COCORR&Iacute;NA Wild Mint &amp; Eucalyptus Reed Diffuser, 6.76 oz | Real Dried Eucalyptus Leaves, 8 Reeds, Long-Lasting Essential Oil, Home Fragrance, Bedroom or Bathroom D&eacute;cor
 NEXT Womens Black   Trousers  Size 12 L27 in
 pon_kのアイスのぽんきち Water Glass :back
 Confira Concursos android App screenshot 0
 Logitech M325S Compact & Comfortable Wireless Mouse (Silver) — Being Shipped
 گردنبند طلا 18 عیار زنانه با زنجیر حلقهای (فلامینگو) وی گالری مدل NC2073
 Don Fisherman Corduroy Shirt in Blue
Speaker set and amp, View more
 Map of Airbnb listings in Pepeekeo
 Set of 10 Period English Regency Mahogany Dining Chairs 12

AIM OF THE TASK — What should appear is an exact copy of the lines from the one with "Confira Concursos android App screenshot 0" through the end of the entries above, ends included, and no other text.

COMPLETED EXERCISE —
 Confira Concursos android App screenshot 0
 Logitech M325S Compact & Comfortable Wireless Mouse (Silver) — Being Shipped
 گردنبند طلا 18 عیار زنانه با زنجیر حلقهای (فلامینگو) وی گالری مدل NC2073
 Don Fisherman Corduroy Shirt in Blue
Speaker set and amp, View more
 Map of Airbnb listings in Pepeekeo
 Set of 10 Period English Regency Mahogany Dining Chairs 12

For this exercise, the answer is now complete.